Rob Schmults, vice president of ecommerce for Talbots, noted that before joining the retailer he was with a data analytics firm, where he was struck by how much was being done with small data by retailers.
“There’s so much pressure to leap to the future that many overlook the interim steps that are easy to get to and would deliver a lot of value,” Schmults said. “Targeting by recently viewed—that’s a simple form of personalization. And geotargeting is one data point you can look at to think about what would be relevant to some people. Maybe send a message to folks within 10 miles of a store. It isn’t taking 110 data points and looking for patterns. It’s taking one data point and applying it. It’s a spectrum.”

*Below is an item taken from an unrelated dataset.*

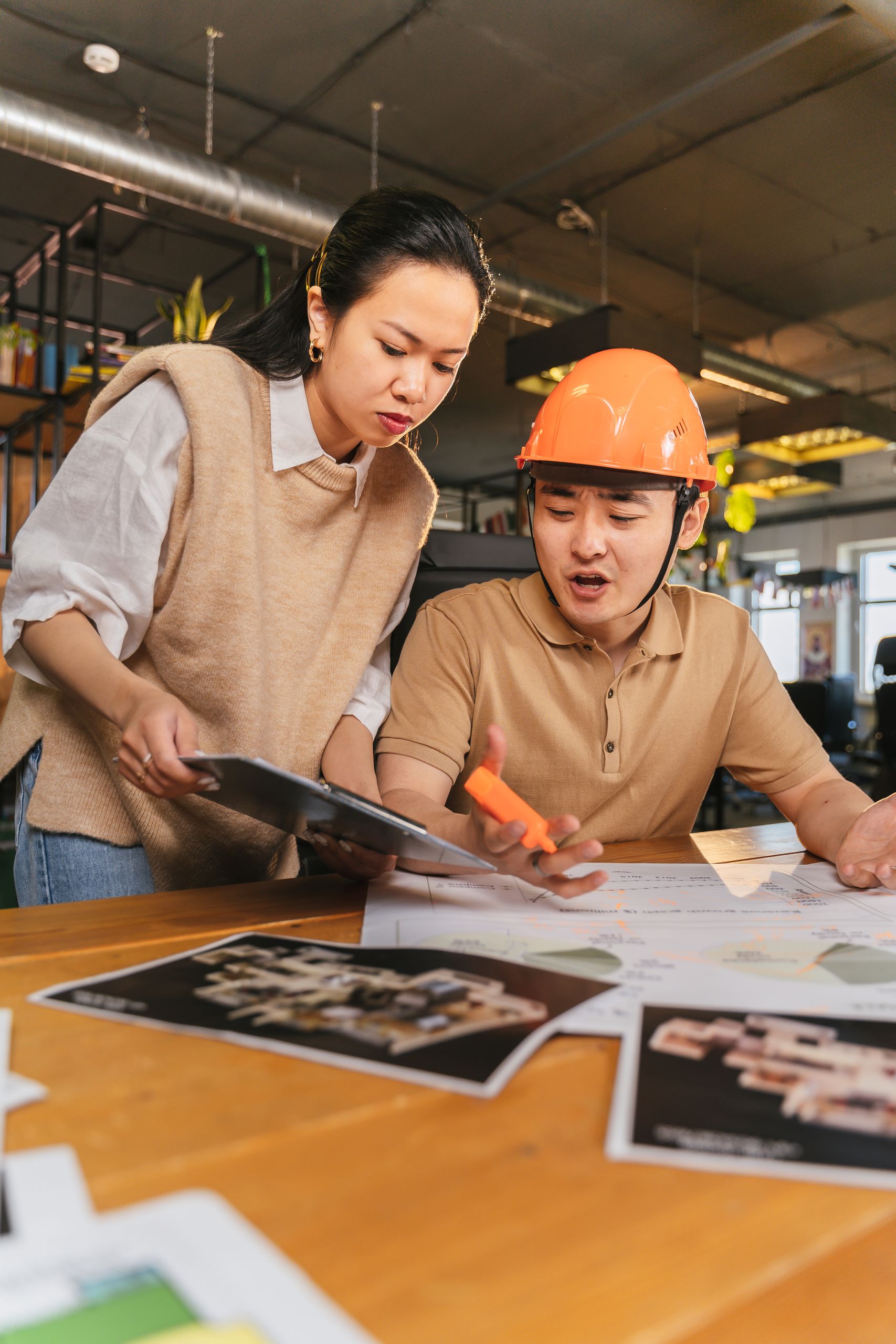 Asian coworkers collaborate on project plans, fostering teamwork and productivity.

All the panelists agreed that testing is vital. Catherine Bassett, senior product manager for Rue La La, noted that detailed messaging around educating new members about how the flash sale site worked didn’t perform as well as they hoped. Instead they tested messaging at different points in [customers’] path, and found that quick blasts of tips about how to use the site worked better.
“At Rue, we do A/B testing before we roll out anything,” she said.
“Be aware that something that works in one place doesn’t work in another,” added Schmults. “ What works for Amazon might not work for you.”
When a company is just starting on the path to personalization, it pays to start by figuring out your strategy and what you really want to achieve—and then think about what technology you need to support it.
“We just went through a platform upgrade [on our site], and part of the process was tearing out old code that dated back to 2009, that was put into place and never used,” he said.
Look at your own data and the metric you want to move, Schmults added. “It can be a high level metric like sales or something more specific like your return rate.”